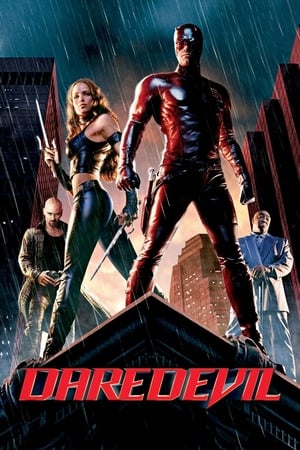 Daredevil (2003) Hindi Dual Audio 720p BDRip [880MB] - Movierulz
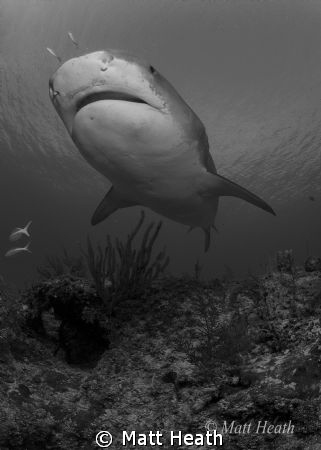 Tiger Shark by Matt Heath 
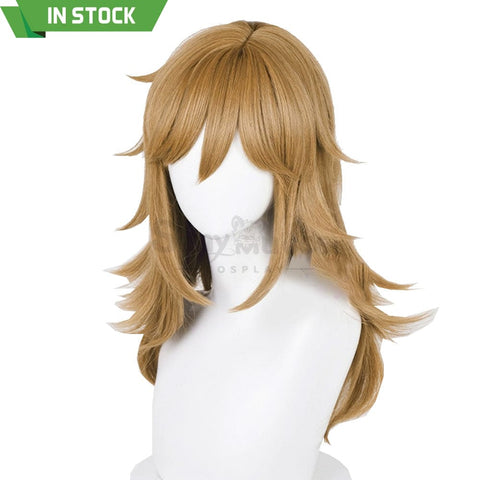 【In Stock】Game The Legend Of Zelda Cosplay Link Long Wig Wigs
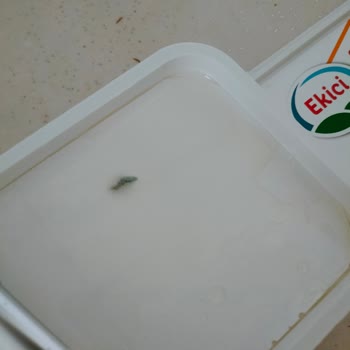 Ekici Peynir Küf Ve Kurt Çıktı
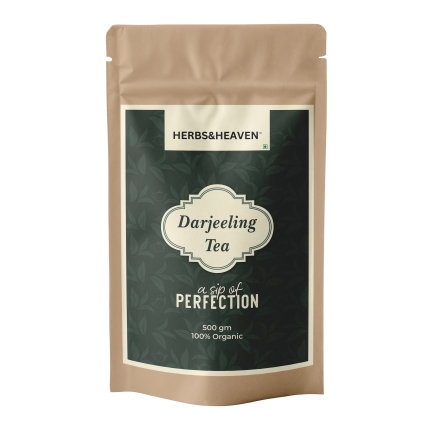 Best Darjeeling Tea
* * * * * * *
Work item =>
Please output only the lines running from the one that holds "Long Wig Wigs" through the last line of the entries, both ends included, without any images.

Result below =>
 【In Stock】Game The Legend Of Zelda Cosplay Link Long Wig Wigs
 Ekici Peynir Küf Ve Kurt Çıktı
 Best Darjeeling Tea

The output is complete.